By Stefanie Eschenbacher and Rodrigo Campos
MEXICO CITY/NEW YORK (Reuters) – Since Petroleos Mexicanos lost its coveted investment grade rating earlier this month, bond investors have punished the Mexican state oil company, with no clear sign of how the government plans to turn its fortunes around.
President Andres Manuel Lopez Obrador has promised to revive the company known as Pemex, but it remains saddled with more than $100 billion in financial debt. In the first quarter, it posted a staggering $23.6 billion loss.
The grim outlook is becoming increasingly costly, with spreads between Pemex bonds and those of its nearest peer, Petroleo Brasileiro (Petrobras) (SA:), widening sharply.
“Bond holders are pricing in a higher probability of default for Pemex than for its high yield peers,” said Patti McConachie, an analyst at Columbia Threadneedle Investments, which invests in Pemex.
“When you compare Pemex to peers that are also exposed to oil price volatility, and owned by sovereigns, their spreads to their sovereign bonds are much tighter relative to Pemex.”
Through March, investors sought some 330 basis points more yield on average to hold a 6.5% Pemex bond due in 2027 than a Petrobras 7.375% bond due the same year .
The gap jumped to 470 bps through April, Eikon Refinitiv data shows. Relative to the U.S. five-year note, the 2027 Pemex bond has a spread of 1,090.8 basis points while Petrobras’ stands at 661.5 – a near 430 bps difference, even though both companies have the same credit rating. A year ago, the gap was 77 bps.
Once Pemex began nearing junk status last year, banks warned that investors whose mandates required them to hold investment grade assets would start dumping billions of bonds.
As many as 75% of active investors, including the majority of pension funds, have done so already, Citi estimated. Passive investors, which track indices, will follow suit once Pemex drops out of indices at the end of April.
Investors said Lopez Obrador needs to give some indication he will either change tack, or find some way of finding breathing space for the company.
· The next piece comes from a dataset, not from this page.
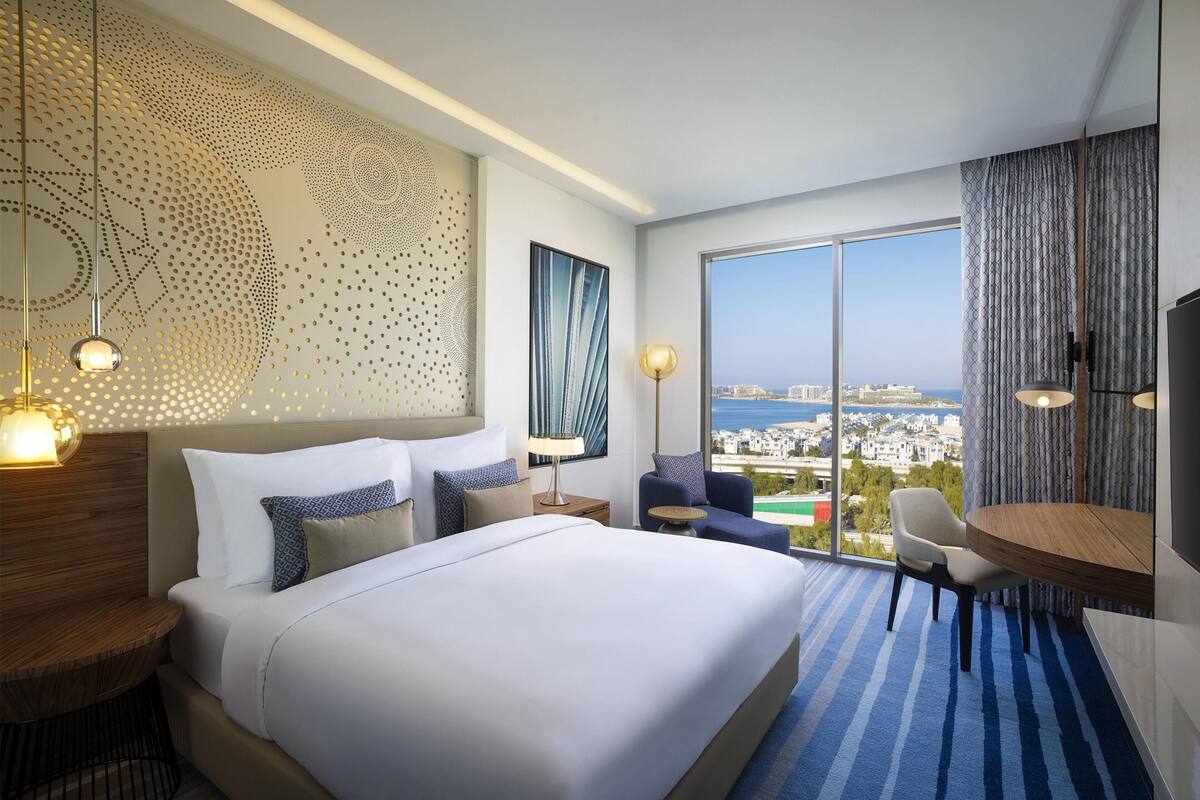 A hotel room with a large bed, a desk, a chair, a view of the city, and a large window.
But he has so far refused to allow new private sector tie-ups for Pemex or water down his plans for an $8 billion new oil refinery – policy shifts that could cheer the market.
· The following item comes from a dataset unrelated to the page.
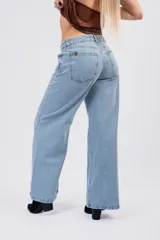 Jean de corte wide leg y tiro bajo, en color celeste clásico con acabado lavado. Presenta diseño de cinco bolsillos, cierre frontal con botón y cremallera, y pernera ancha de caída fluida.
Meanwhile, the price to insure against the risk of a Pemex default has risen sharply. Credit default swaps insuring Pemex five-year bonds rose by 255.1% over the year on Thursday and by 164.7% for the 10-year bond, Refinitiv data shows.
Investors with strong nerves see a buying opportunity, arguing Pemex will be propped up. But the rising risk perception increases borrowing costs for Pemex, making it harder for Lopez Obrador to finance plans to increase crude output, boost refining or contain liabilities.
TOO BIG TO FAIL
Fitch Ratings downgraded Pemex’s bonds to junk in June.
The second junk downgrade, by Moody’s (NYSE:) Investors Services, came after months of warnings that Lopez Obrador was not doing enough to put Pemex’s finances on a sustainable footing.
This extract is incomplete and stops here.